Lula foi eleito com uma narrativa de campanha contra o teto de gastos -  (crédito: Platobr)
Lula foi eleito com uma narrativa de campanha contra o teto de gastos - (crédito: Platobr)

No mundo dos negócios, como nas relações pessoais, credibilidade é fundamental. Esse é o xis da questão quando se compara os indicadores positivos da economia, como o crescimento do PIB, a queda do desemprego, os aumentos da renda média e do salário real, com o ambiente de incerteza que tomou conta do mercado. O governo está diante de uma sinuca de bico: cortar os gastos públicos ou ver a inflação comer a renda de milhões de brasileiros, principalmente dos assalariados que saíram da faixa de pobreza e correm o risco de voltar.

Lula foi eleito com uma narrativa de campanha contra o teto de gastos, que foi substituído por novas regras e diretrizes para as finanças públicas. De comum acordo com o Congresso, deu o pulo do gato e evitou um colapso fiscal no final do mandato de Bolsonaro. Com isso, não precisou adotar uma dura política recessiva no primeiro ano de governo. Entretanto, se comprometeu com os limites e as prioridades de gastos, arrecadação e endividamento nos anos subsequentes do arcabouço.

O objetivo principal do arcabouço fiscal negociado em 2023 era assegurar a sustentabilidade das contas públicas a longo prazo e, com isso, manter a confiança dos mercados, controlar a inflação e promover o crescimento econômico. Buscava-se equilibrar a necessidade de investimentos públicos com a responsabilidade de evitar deficits excessivos e crescimento descontrolado da dívida pública.

As novas regras estabeleceram que as despesas poderão crescer abaixo do ritmo das receitas, com limites claros, para evitar descontrole orçamentário. O arcabouço limita o crescimento da dívida pública em 70% da receita no limite de 2,5%. Entretanto, como ocorreu com o teto de gastos no governo Bolsonaro, a nova regra está sendo burlada pelo governo, com a anuência do Congresso, que é avesso a cortar gastos e, simultaneamente, a aumentar impostos. Sempre que preciso, retiram-se gastos do arcabouço fiscal, para "cumprir" a lei da responsabilidade fiscal sem cortar outras despesas como deveria. Precatórios, gastos com o combate às queimadas, socorro aos gaúchos durante as enchentes do Rio Grande do Sul, por exemplo.

Três cenários

Resultado: a inflação fechou 2024 em 4,83%, muito acima do centro da meta, 3%, e até do teto, de 4,5%. Em dezembro, ficou dentro do esperado, nos 0,52%, porém, como a meta é de 3% em 12 meses (com tolerância de 1,5 ponto porcentual para cima ou para baixo), os juros crescentes não foram suficientes para segurar os preços. Com a Selic nos 12,25% ao ano, 2025 começa com a inflação em alta.

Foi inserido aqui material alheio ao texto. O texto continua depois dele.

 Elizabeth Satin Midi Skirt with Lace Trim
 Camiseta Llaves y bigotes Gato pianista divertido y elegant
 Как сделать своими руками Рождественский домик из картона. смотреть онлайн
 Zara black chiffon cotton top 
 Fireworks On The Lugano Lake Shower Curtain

A alta do dólar tem um papel relevante em tudo isso, com uma desvalorização do real em torno de 27%, o que deve repercutir na inflação dos próximos meses. A perda de confiança na política fiscal do governo impactou o câmbio e os juros futuros. Pode-se responsabilizar a especulação dos agentes financeiros, mas não foi só isso: a demanda de bens e serviços cresceu, a escassez de mão de obra jogou os salários para cima, a Petrobras segurou o preço dos combustíveis, os juros derrubaram o crédito, a inadimplência cresceu, o capital de giro ficou mais caro, a dívida pública cresce. Essa ciranda, segundo o Banco Central, fará com que a Selic chegue aos 14,25% em março, para conter uma explosão inflacionária.

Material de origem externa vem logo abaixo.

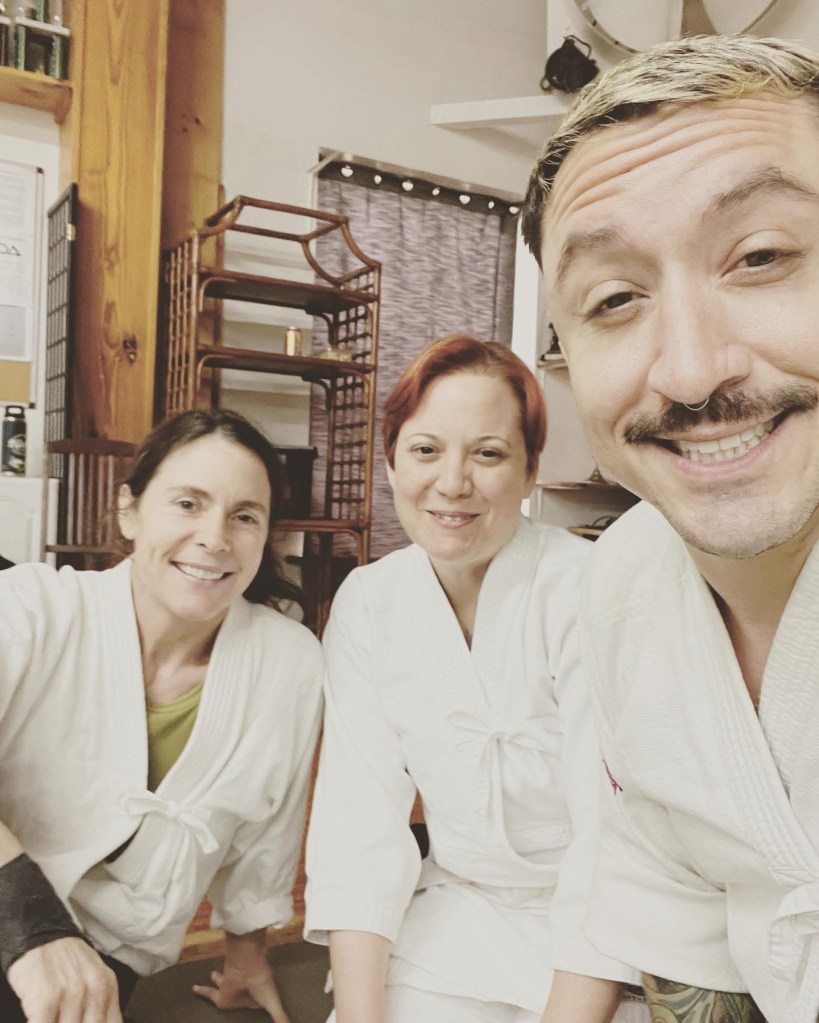 Laura, Jaime, and MJ after aikido-ing.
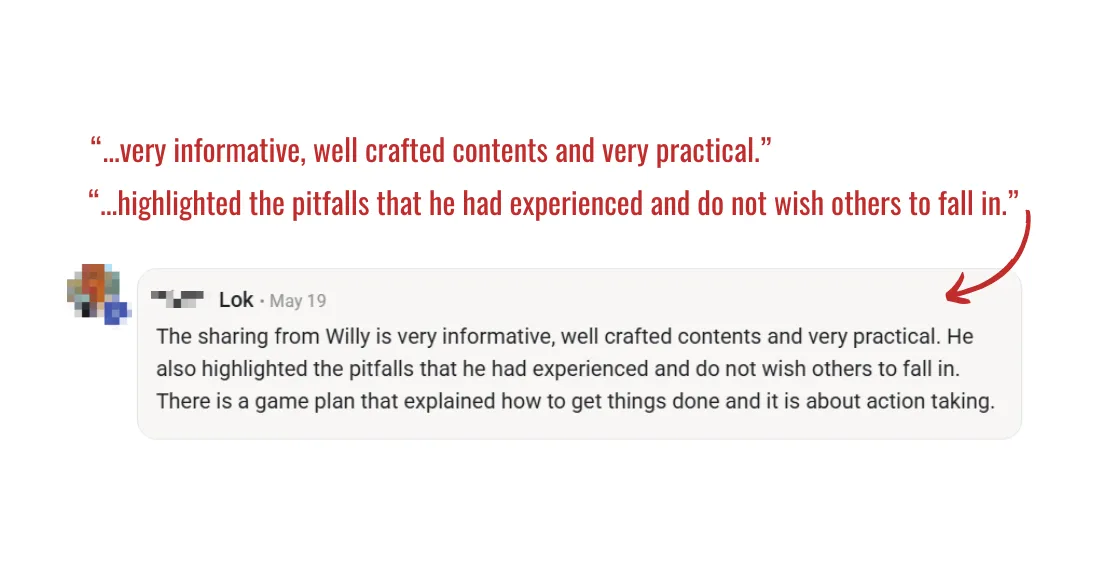 5-star testimonial from Lok highlighting the informative and practical content, pitfall awareness, and actionable game plans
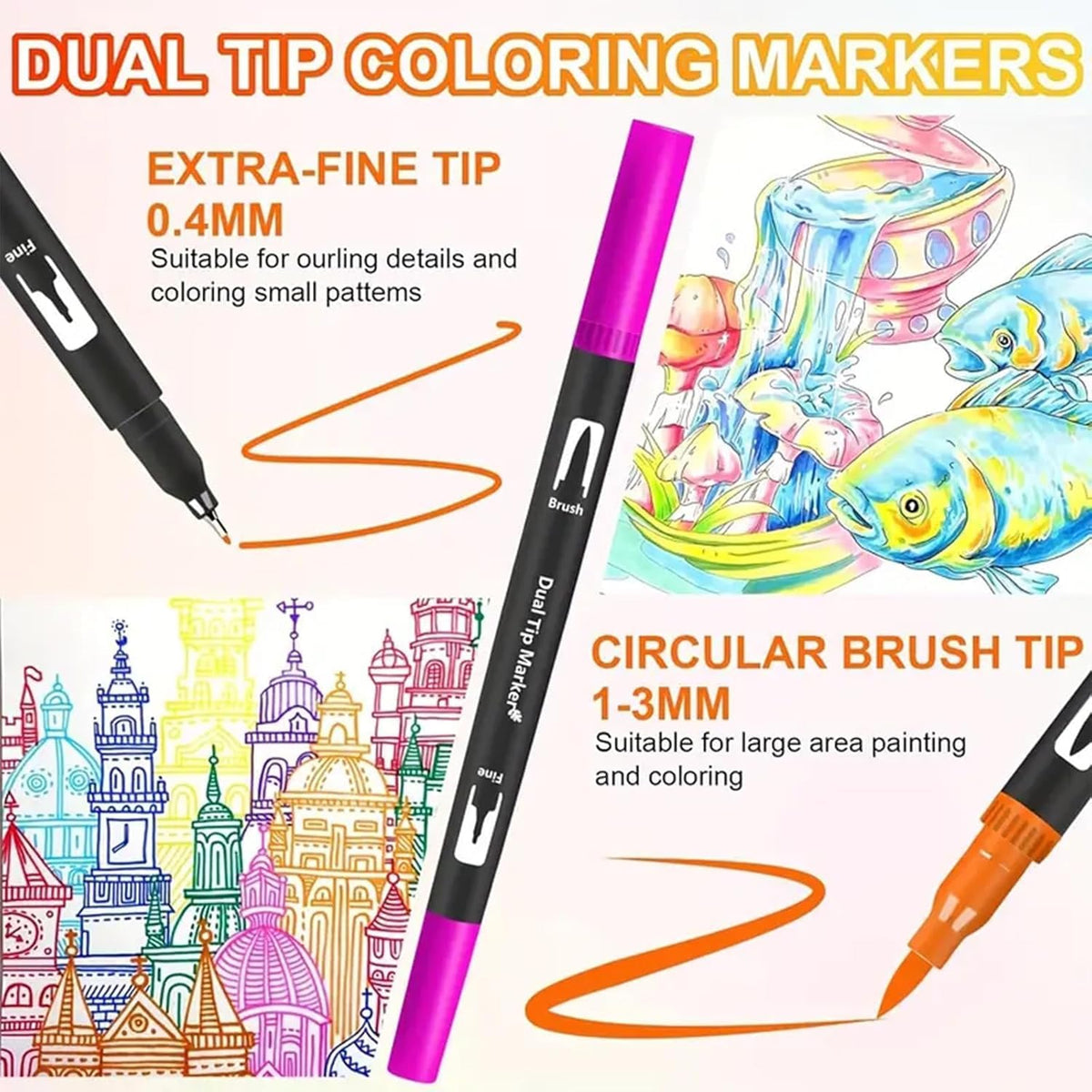 SUPTOP Dual Tip Brush Pens Set 120 Colors Professional Art Markers NEW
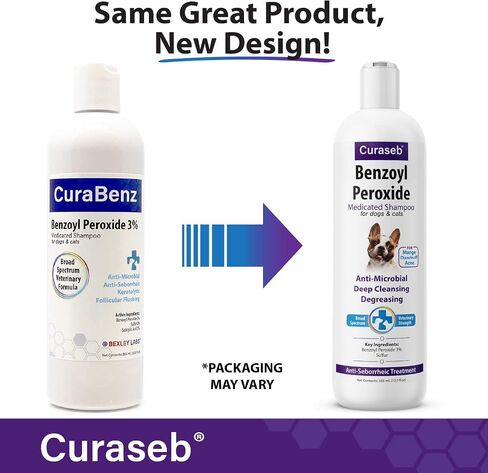 Curaseb Benzoyl Peroxide Dog Shampoo – Relieves Dandruff, Scaling, Scratching and Folliculitis, Veterinary Strength Formula in Saudi Arabia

Diante desse quadro, há três cenários. O otimista aposta numa recuperação acelerada, com crescimento de 2,5% a 3,5% do PIB, inflação controlada, investimentos estrangeiros, mais empregos na construção civil, serviços e tecnologia, ampliação do comércio exterior. O pessimista prevê crescimento abaixo de 1%, com recessão em setores na indústria e no comércio, inflação acima de 6%, instabilidade política, redução do nível de emprego, agravados por desaceleração da China e protecionismo nos Estados Unidos.

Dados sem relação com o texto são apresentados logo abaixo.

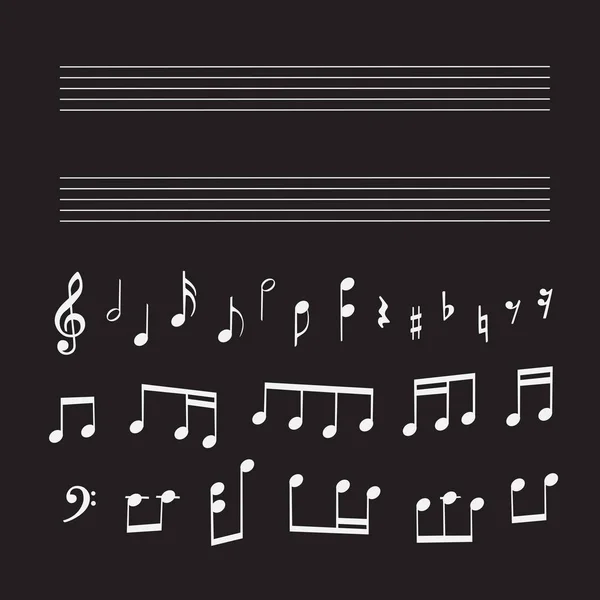 Notenmaterial Noten Tasten Zum Aufnehmen Von Musik — Stockvektor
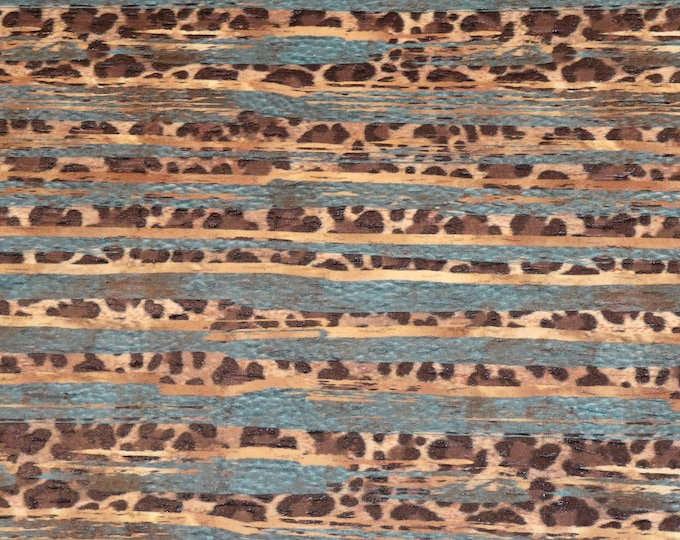 CORK 12"x12" WESTERN Teal and Gold LEOPARD print on Cork applied toLeather for body/strength Thick 5.5oz/2.2mm PeggySueAlso® E5610-546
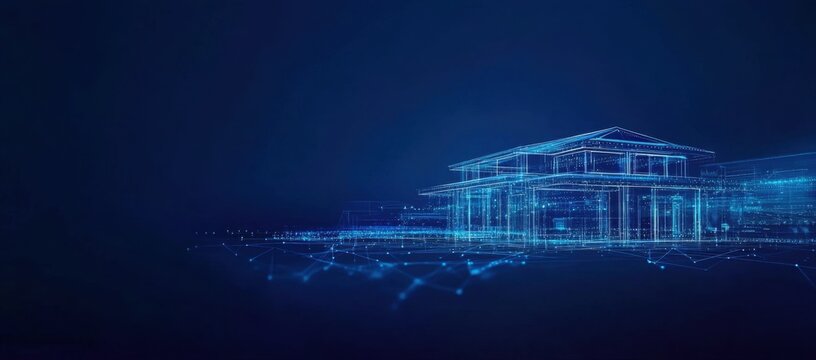 A blue digital house with lines and dots connecting it to other houses, creating an abstract representation of the smart home technology that is being used in homes across America Generative AI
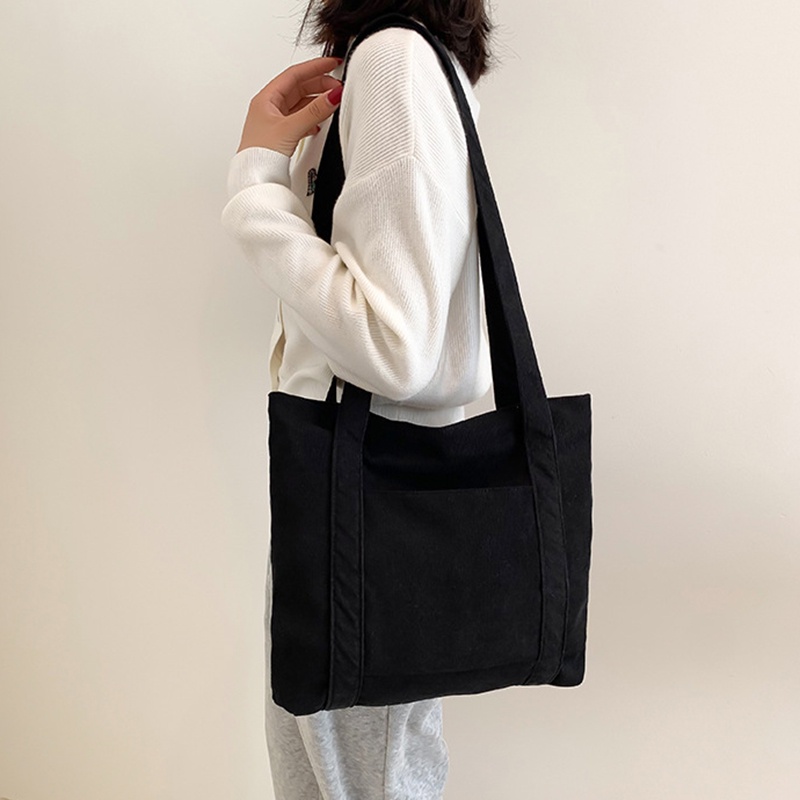 Túi Xách Vải Nhung Kẻ Kích Thước Lớn Phong Cách Hàn Quốc Cho Nữ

O cenário mais realista, porém, aponta para um crescimento entre 1,5% e 2,5%, impulsionado pelo agronegócio e pelas commodities; inflação entre 4% e 5%; ajustes fiscais e tributários parciais; manutenção dos atuais níveis de desigualdade; e novas oportunidades comerciais em razão da regionalização das cadeias globais de valor. O que poderia erradicar o pessimismo e transformar a avaliação mais realista no cenário positivo? Lula aceitar que as despesas do governo respeitem o arcabouço fiscal para recuperar a confiança no ambiente econômico.